◆ **DATASET SECTION**
━━━━

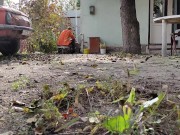 Autumn in the yard 13/16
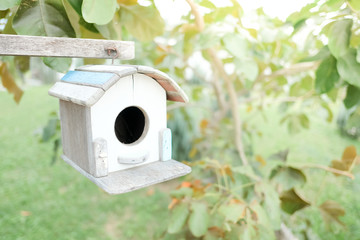 Little Birdhouse in Garden of Thailand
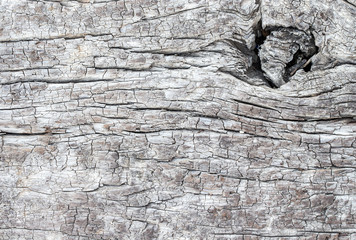 wood texture. background old panels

━━━━

Write out the listing above in full, word for word, with no pictures.

 Autumn in the yard 13/16
 Little Birdhouse in Garden of Thailand
 wood texture. background old panels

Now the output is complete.